• [Dataset excerpt]
::::::::::

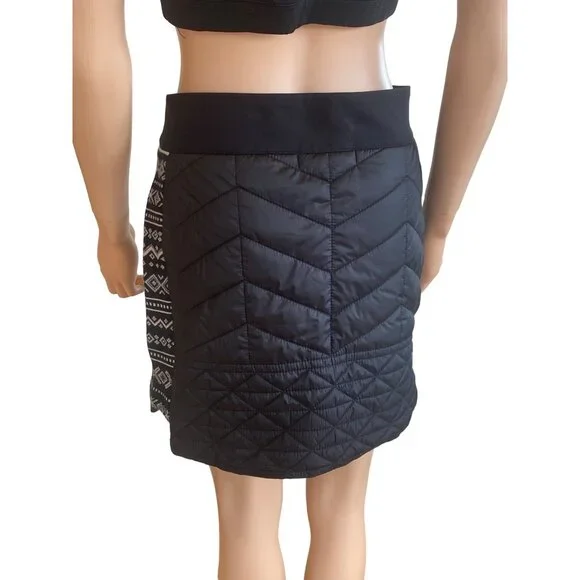 NWT Krimson Klover Carving Skirt Women's Large Black Insulated Ski Apres Nordic - Picture 7 of 16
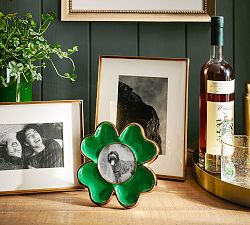 Four Leaf Clover Enamel Frame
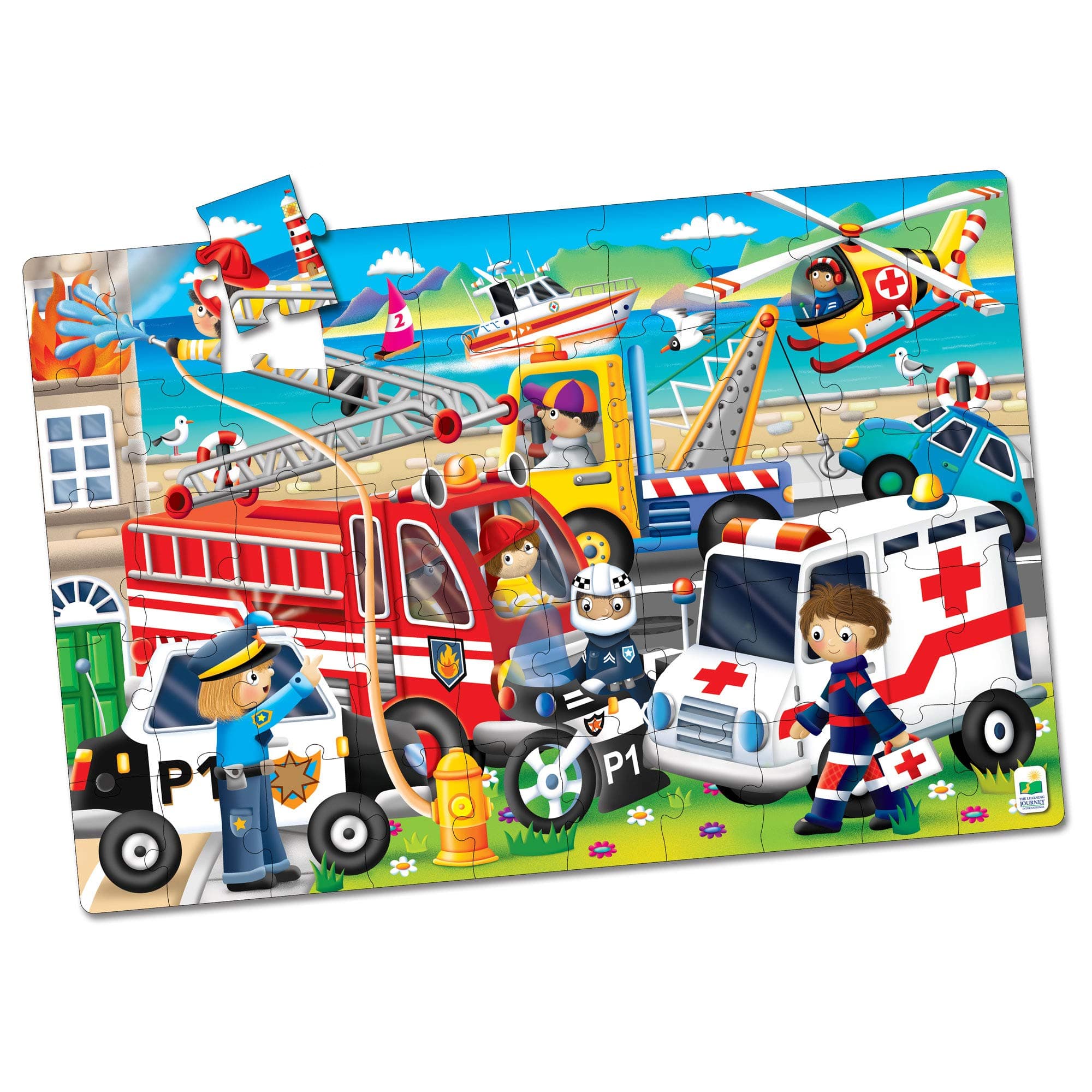 The Learning Journey: Jumbo Floor Puzzle, Multicolor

::::::::::

• [Exercise brief]
The response has to be an exact copy of all the data, pictures excluded.

• [Output for this exercise]
 NWT Krimson Klover Carving Skirt Women's Large Black Insulated Ski Apres Nordic - Picture 7 of 16
 Four Leaf Clover Enamel Frame
 The Learning Journey: Jumbo Floor Puzzle, Multicolor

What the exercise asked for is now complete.